Information von Väter für Kinder e.V.:

 Gemeinsame Sorge trotz Widerstand eines Elternteils  (altes Kindschaftsrecht)

Übersichtsartikel :

P. Koeppel, Die gemeinsame elterliche Sorge bei Scheidung im Lichte der EMRK und des UN- Zivilpaktes, DAVorm 1993, 601ff.
EMRK (Europäische Menschenrechtskonvention) und Zivilpakt oder IPBPR (Internationaler Pakt über bürgerliche und politische Rechte von 1966) sind dem nationalen Recht nicht übergeordnet, sie sind jedoch vorrangig anzuwenden. Sie verpflichten den Richter, in geeigneten Fällen gemeinsames Sorgerecht auch ohne Einwilligung beider Eltern anzuordnen.

H. Oelkers, Die Rechtssprechung zur elterlichen Sorge - eine Übersicht über die letzten fünf Jahre, FamRz 1995 (18), S. 1097-1111

C. Rummel, Die Rechtssprechung zum Sorgerecht aus den Jahren 1993/1994, FuR 2/1995, S.130 -138

Gemeinsames Sorgerecht in strittigen Fällen - weil Kinder beide Eltern brauchen, VfK Info 1/97.

Entscheidungen:
1. Amtsgericht Potsdam, Beschluß vom 29.10.1997 - Aktenzeichen 44 F 497/95 - 50, rechtskräftig, Beschwerde zurückgewiesen  durch das Oberlandesgericht Brandenburg vom 2.3.1998, Aktenzeichen 10 UF 159/97.

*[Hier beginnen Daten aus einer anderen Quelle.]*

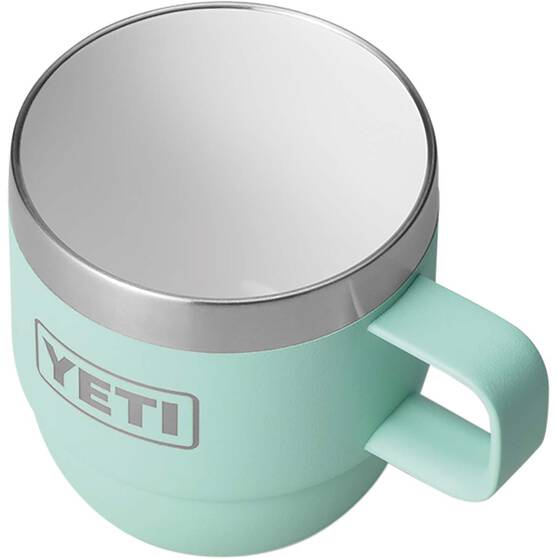 YETI® Rambler® Cup Espresso 6 oz (177ml) 2 Pack Seafoam, Seafoam, bcf_hi-res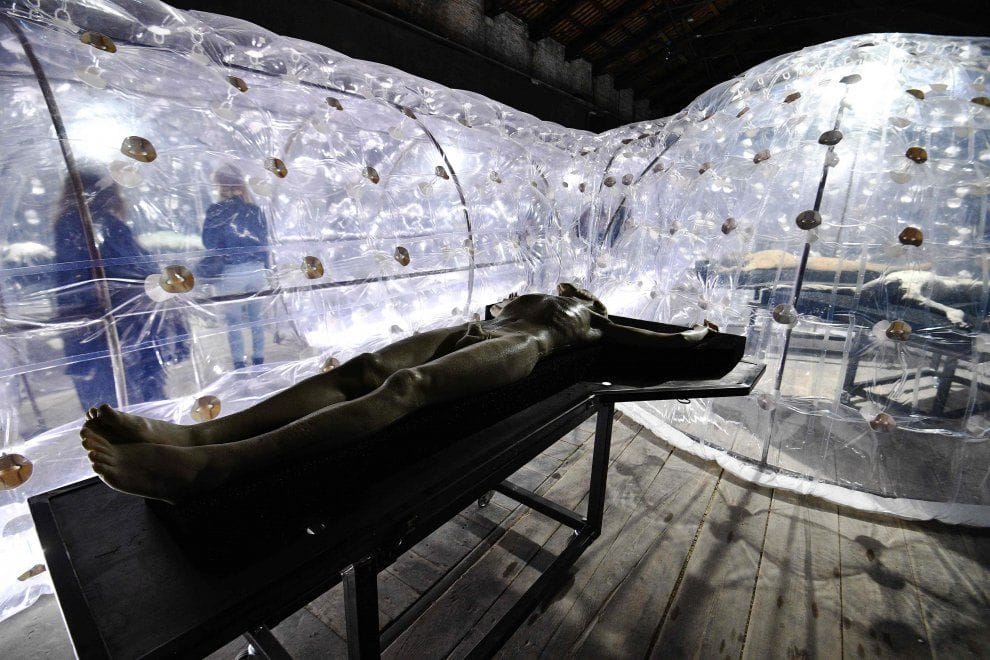 Artwork Title: Imitazione di Cristo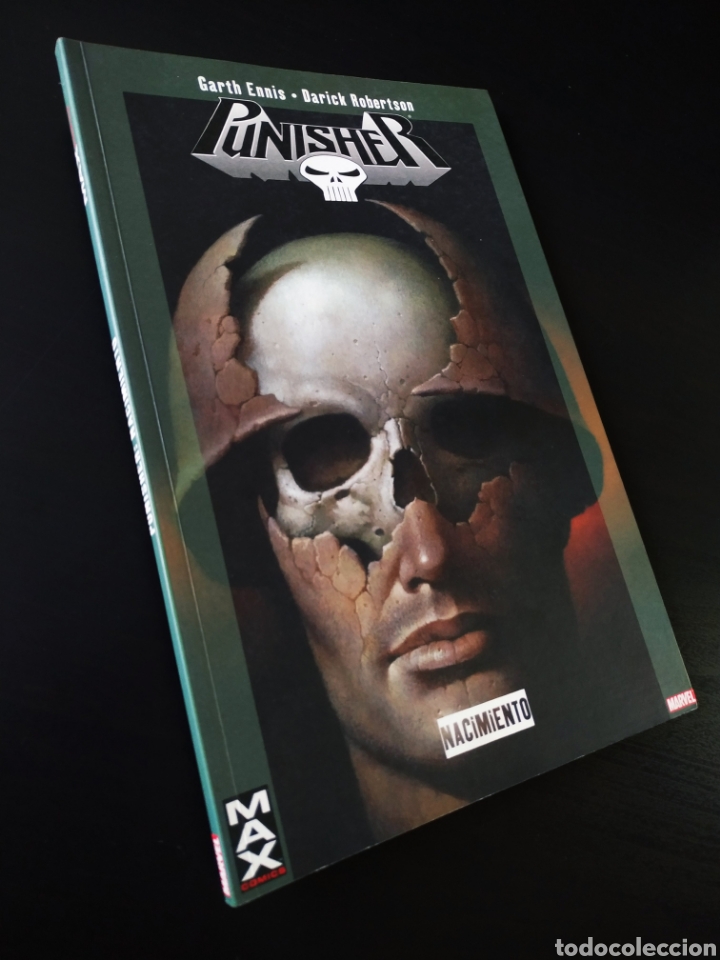 C&oacute;mics: EXCELENTE ESTADO PUNISHER NACIMIENTO MAX COMICS PANINI - Foto 1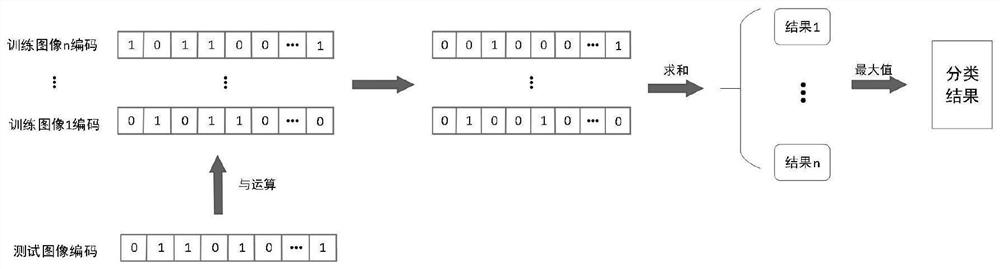 A binary encoding and recognition method of facial features based on two-layer self-organizing neural network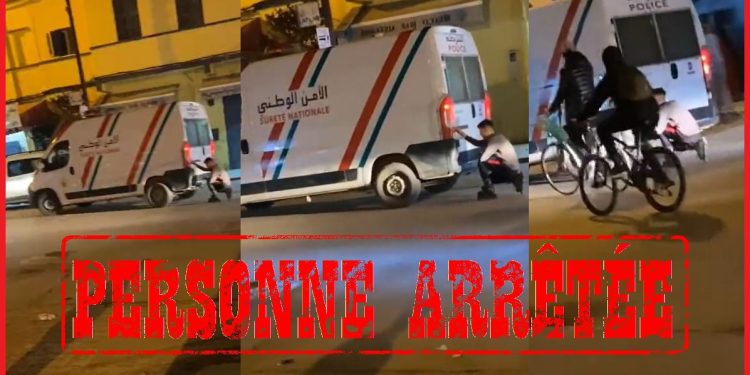 توقيف مشتبه في استعراض خطير على الطرق بتطوان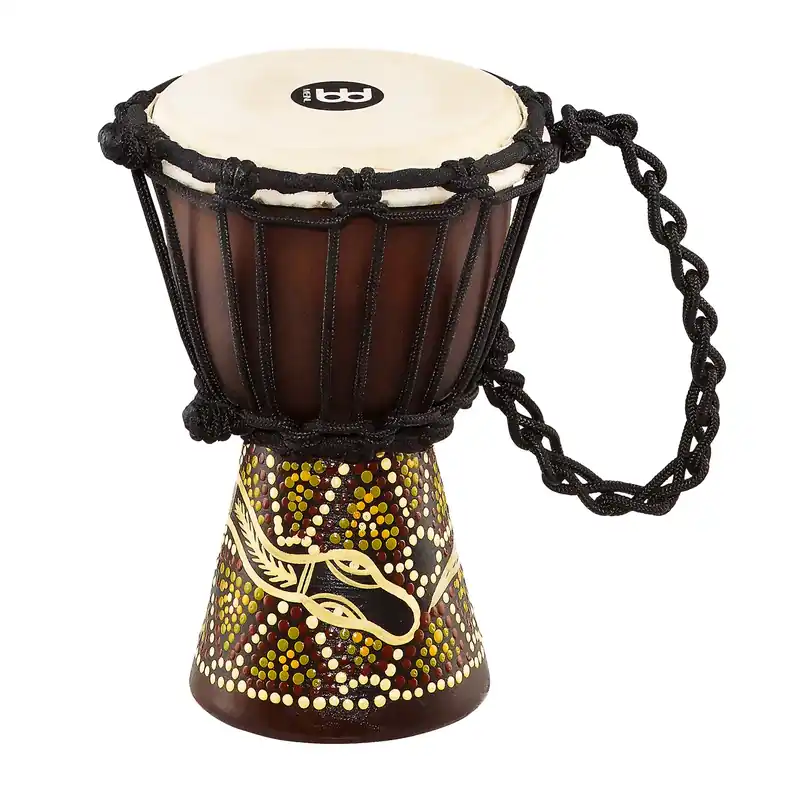 Djembe Meinl 4.5" Headliner Acajou Cordage - Dark Serpent Offre Du Jour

2. AmtsG Groß Gerau - BGB §1671, rechtskräftiges Urteil v. 22.10.1997 - 71F 39/97,  FamRZ 1998, 500 Leitsatz: Bei der Vergabe der gemeinsamen elterlichen Sorge ist der Gesichtspunkt des Kindeswohl dem des Elternwillens übergeordnet.
Aus den Entscheidungsgründen:
Die Eltern sind sich einig, daß die 7 jährige Tochter weiter bei der Mutter leben soll. Diese will jedoch die Alleinsorge. Ihre Furcht, auf Grund ihrer weniger attraktiven Alltagsrolle das Kind an den Vater zu verlieren, ist verständlich, folgerichtig auch die Furcht des Vaters, die Mutter könne ihm das Kind entziehen, wenn sie allein sorgeberechtigt sei, um sich gegen den Verlust zu schützen. Damit entsteht eine Atmosphäre von Ängsten und Gegenängsten mit der Gefahr der Einflußnahme auf das Kind und der Überbewertung des Kindeswillens. Die Aufrechterhaltung der gemeinsamen Elternsorge steuert diesen Ängsten am ehesten entgegen. Sie entlastet zugleich das Kind von der Mitverantwortung  und erspart ihm einen Loyalitätskonflikt.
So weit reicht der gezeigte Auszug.